Кошек и собак всё больше, денег всё меньше. Мэри МакЛарен потихоньку начинает распродавать вещи; автограф Чаплина «моему старому, старому, старому другу» уходит за 120 долларов. В 1965 году Мэри, которой почти семьдесят, выходит замуж второй раз — за некоего Роберта Коулмена, слепого, прикованного к креслу-каталке. «Из жалости», — простодушно скажет она позже.

Осенью 1979 года имя Мэри МакЛарен внезапно вновь попадает на страницы газет и становится темой пересудов. Шарлатан и аферист Джеймс Гриффис, именующий себя «преподобным» и вообще «епископом», подрабатывающий гипнозом и фокусами, пытается втереться к ней в доверие и зарится на её дом, — для чего подаёт прошение судебным властям округа о признании её неправоспособной и об установлении опеки, рапортуя о многочисленных нарушениях санитарных и противопожарных норм. Власти на время разбирательства налагают арест на имущество: мисс МакЛарен, по их мнению, живёт «в запредельных условиях». «Она проводит целые дни на крыльце дома, который больше ей не принадлежит, одетая в вещи, купленные в магазинах для бедняков, и окружённая собаками, кошками, коробками Kentucky Fried Chicken и жужжащим роем мух и голубей, привлечённых объедками и животными нечистотами», — так живописует обстановку в доме на Норт-Манхэттен-плейс одна из газет в дни суда.

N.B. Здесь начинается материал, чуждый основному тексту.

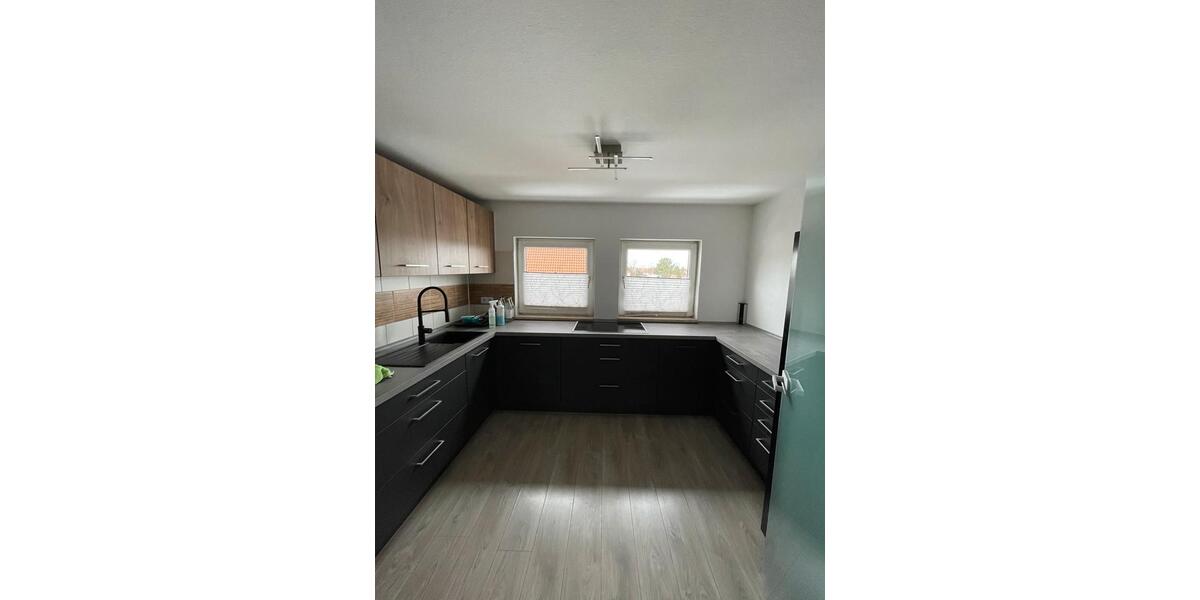 Dachgeschoßwohnung Lengede - 3 Zimmer, 77 m&sup2;, 830&euro; | Angebot:27605715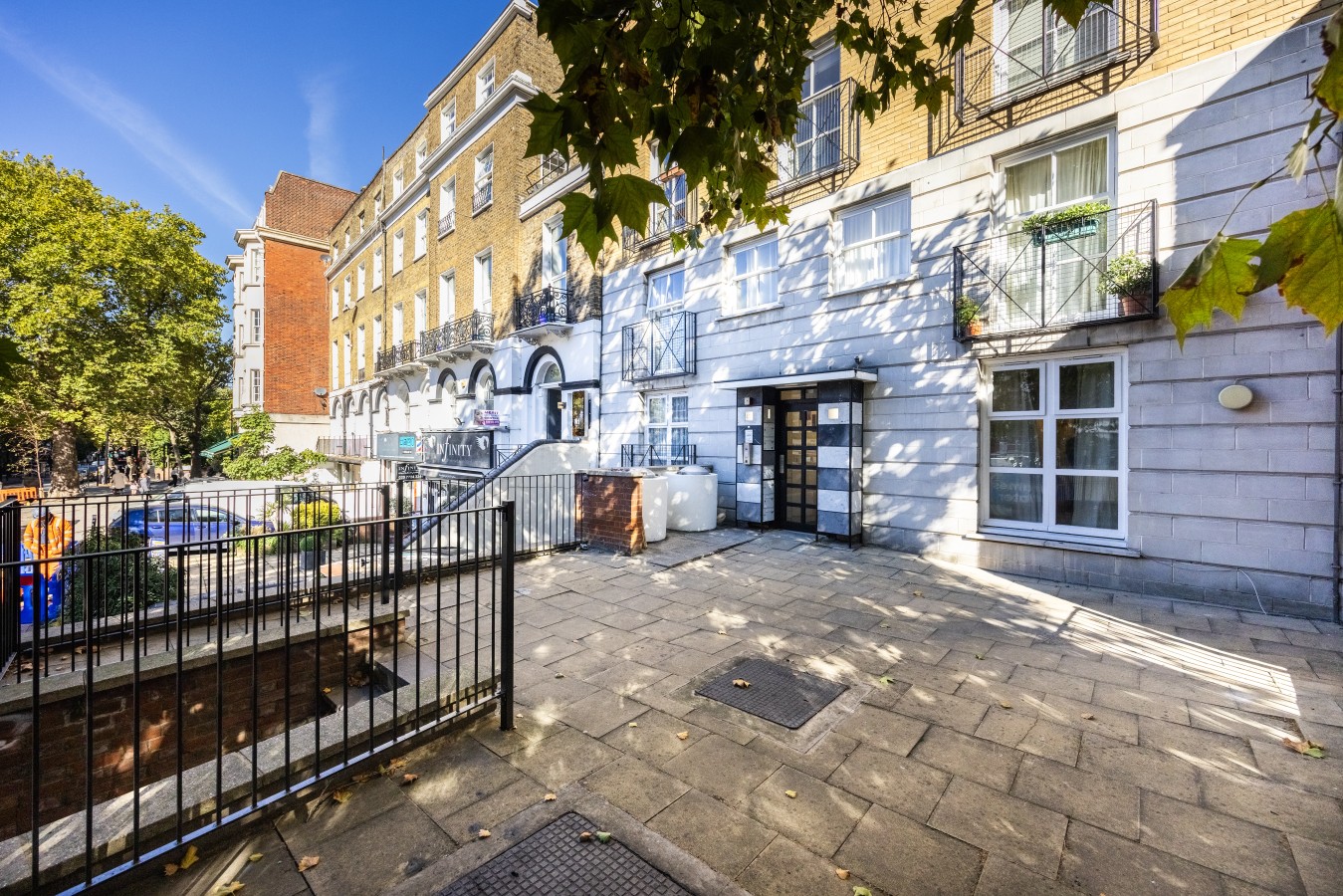 Flat 2 498 Edgware Road_42.jpg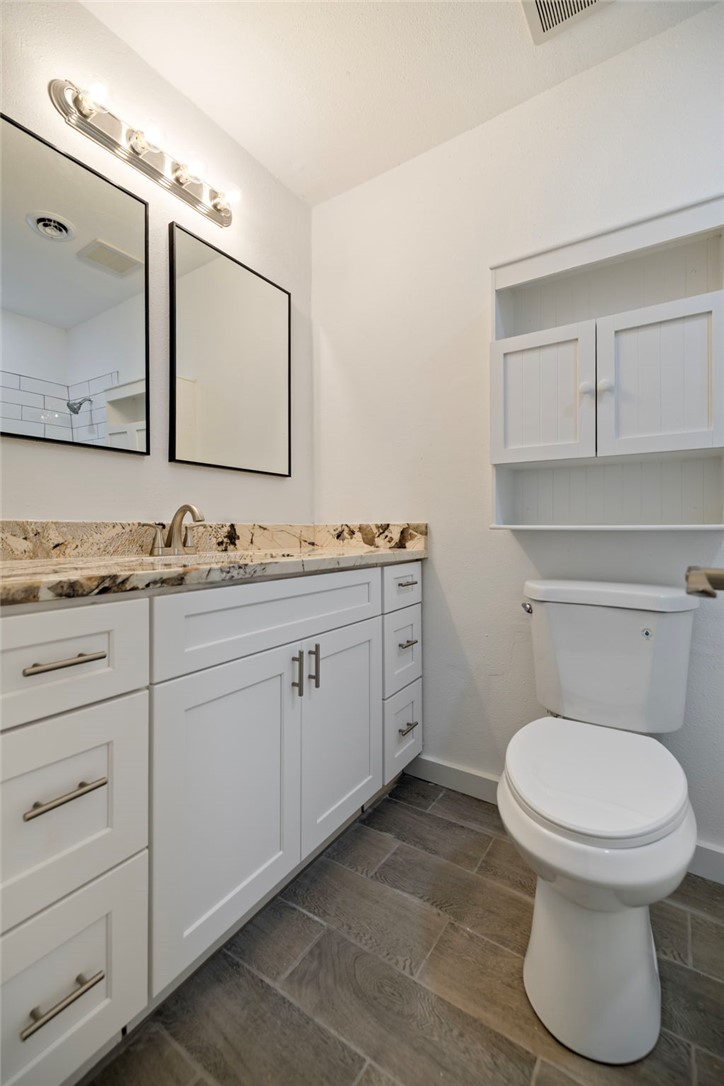 Dixieland Village 1st Add Rogers - Residential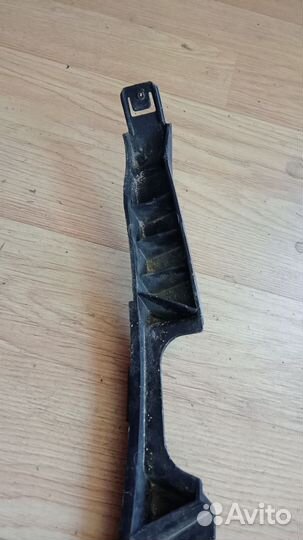 Opel Insignia направляющая передней фары правая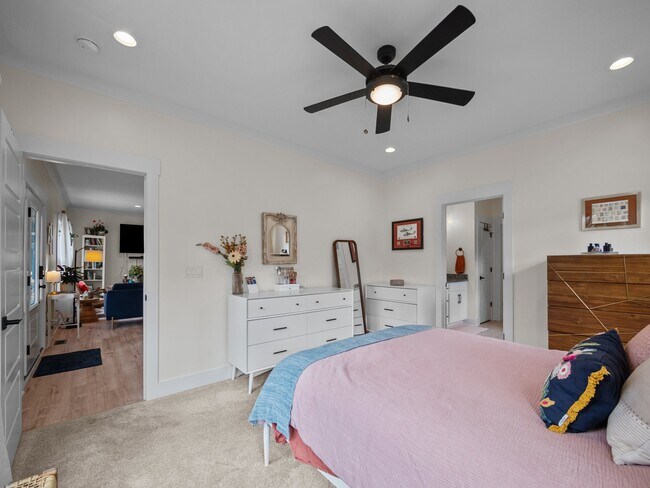 Building Photo - 408 Celtic Ash St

«Это всё какая-то нелепость», — говорит мисс МакЛарен другой газете. Да, из-за пожара выгорела вся её комната, это она признаёт. Но это ещё не повод её выселять и устанавливать опеку. «Не покину я свой дом. Буду спать там, пока не умру».

Мэри МакЛарен. 1979

Наконец, дело получило такую огласку, что Верховный Суд направил в дом на Норт-Манхэттен-плейс специального уполномоченного. После разговора с Мэри МакЛарен уполномоченный вынес свой безоговорочный вердикт. «Восхитительная леди. И вполне способна управлять своим имуществом сама». Её разве что уговорили всё-таки переехать из выгоревшей комнаты в другое помещение. Преподобный Джеймс Гриффис немедленно испарился. Как не было.

Впрочем, как и много десятилетий назад, несчастье помогло: до судебного разбирательства никто и знать не знал, что звезда немого кино Мэри МакЛарен жива, здорова и пребывает в здравом уме и твёрдой памяти. Теперь её начинают приглашать на ретроспективы, брать интервью. Без особого энтузиазма, но и не слишком противясь, — в общем, спокойно и вежливо, — она рассказывает своим слушателям про давние годы Голливуда, про его былых звёзд, про свою собственную долгую, долгую жизнь. Жалеет она, кажется, только о своём романе. «Думаю, моя книга и нынешняя эпоха совпали бы».

В 1983 году она приходит к выводу, что вот теперь ей самой уже не управиться. И переселяется в Голливудский санаторий, где и проводит следующие два года. 4 ноября 1985 года её перевозят в госпиталь Западного Голливуда. 9 ноября она умирает там от приступа удушья.

Дом на Норт-Манхэттен-плейс пустили с молотка ещё в 1983-м. Новый владелец его тщательно отремонтировал и разделил на несколько квартир.